BEGIN Records to process

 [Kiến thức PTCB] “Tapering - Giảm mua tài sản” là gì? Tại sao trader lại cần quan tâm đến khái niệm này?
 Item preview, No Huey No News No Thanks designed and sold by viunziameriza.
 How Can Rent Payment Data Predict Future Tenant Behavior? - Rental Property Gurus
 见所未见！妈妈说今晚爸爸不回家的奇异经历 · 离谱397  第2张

END Records to process
BEGIN Records to process

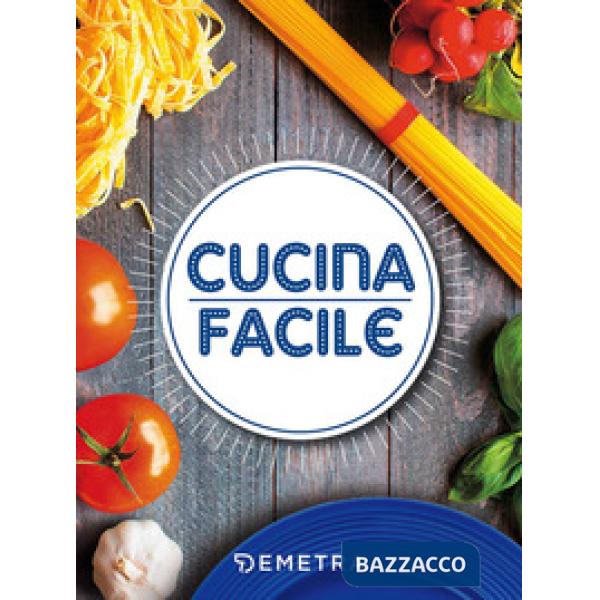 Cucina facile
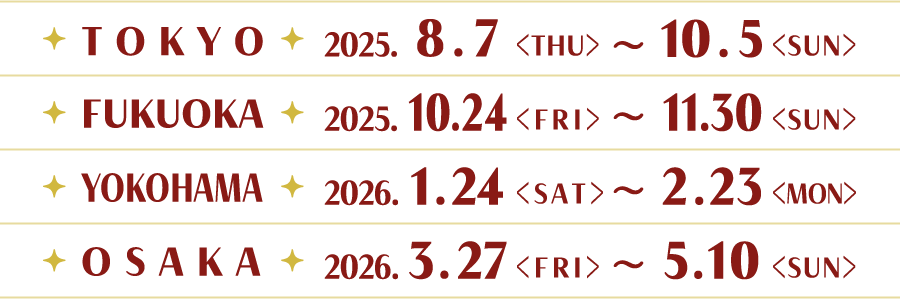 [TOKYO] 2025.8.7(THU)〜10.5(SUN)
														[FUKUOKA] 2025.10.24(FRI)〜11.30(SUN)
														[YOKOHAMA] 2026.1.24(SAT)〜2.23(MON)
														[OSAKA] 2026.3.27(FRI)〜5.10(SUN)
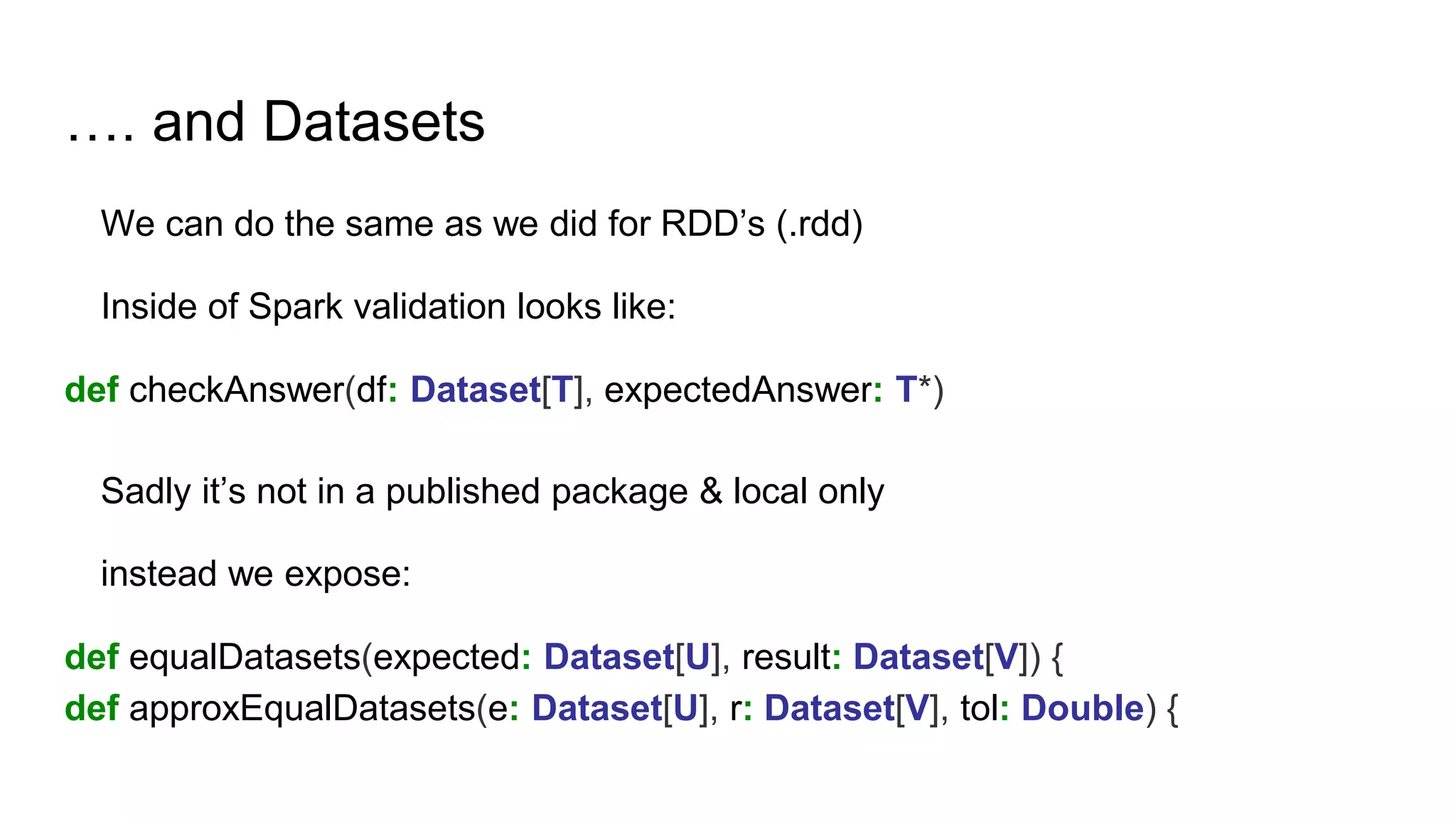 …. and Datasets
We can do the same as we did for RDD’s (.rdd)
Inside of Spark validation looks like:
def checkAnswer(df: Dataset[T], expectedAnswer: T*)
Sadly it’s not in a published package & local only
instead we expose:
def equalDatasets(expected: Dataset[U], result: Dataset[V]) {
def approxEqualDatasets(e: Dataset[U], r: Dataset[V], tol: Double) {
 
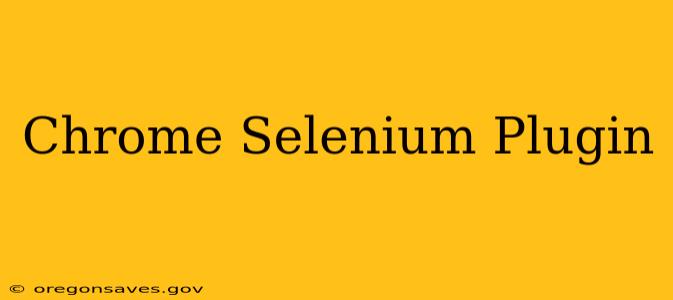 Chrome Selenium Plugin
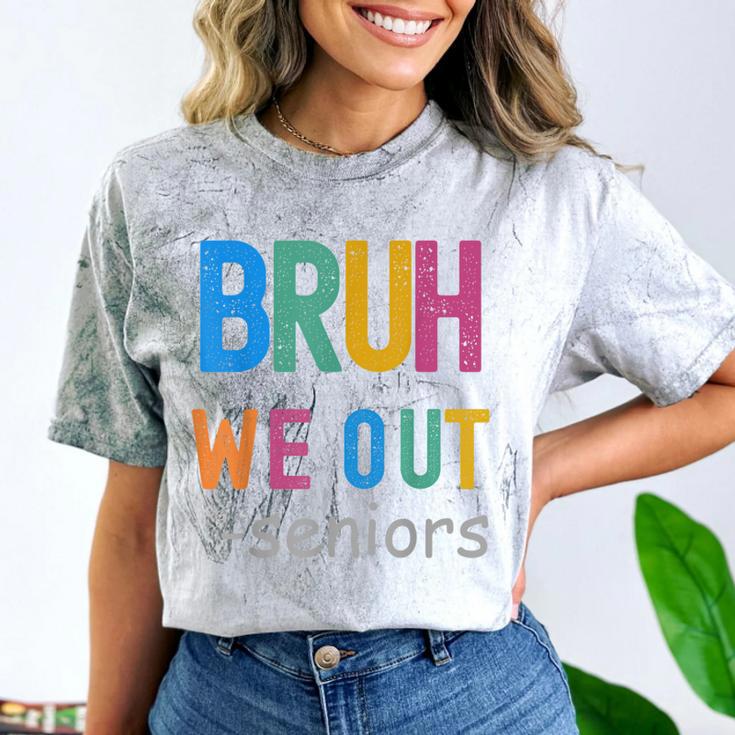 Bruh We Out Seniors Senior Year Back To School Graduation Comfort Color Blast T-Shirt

END Records to process

(What you will do):
Reproduce the data above exactly, but only the lines from the one showing "def equalDatasets(expected: Dataset[U], result: Dataset[V])" through the one showing "Bruh We Out", with both ends kept and the pictures left out.

(Expected answer):
def equalDatasets(expected: Dataset[U], result: Dataset[V]) {
def approxEqualDatasets(e: Dataset[U], r: Dataset[V], tol: Double) {
 
 Chrome Selenium Plugin
 Bruh We Out Seniors Senior Year Back To School Graduation Comfort Color Blast T-Shirt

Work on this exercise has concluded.